[Given material]
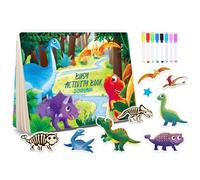 Generico Libro Tema Dinosaurios para Niños | Juegos Educativos Interactivos Divertidos para El Desarrollo,Libro de para Niños | para Niños Niñas Adolescentes Estudiantes Escuela Casa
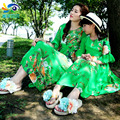 Mother and daughter s clothes toddler girls clothing 2016 summer Family Pack Harness Sling dresses kids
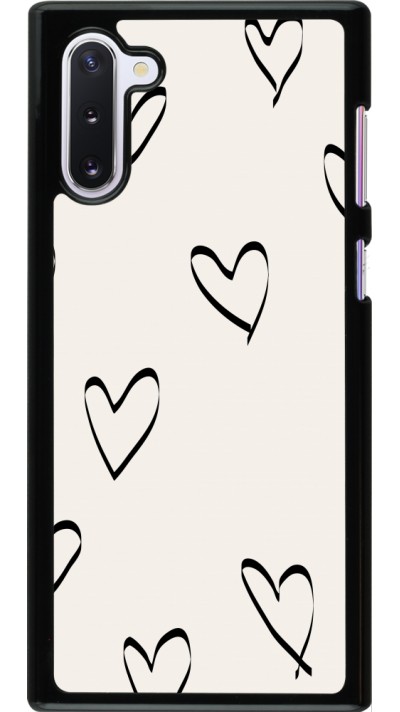 Coque Samsung Galaxy Note 10 - Valentine 2023 minimalist hearts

[What is needed] Find the line that has "Mother and daughter" in the listing, then retype it and each later line up to the last, exactly. Leave pictures out.

[Task output]
 Mother and daughter s clothes toddler girls clothing 2016 summer Family Pack Harness Sling dresses kids
 Coque Samsung Galaxy Note 10 - Valentine 2023 minimalist hearts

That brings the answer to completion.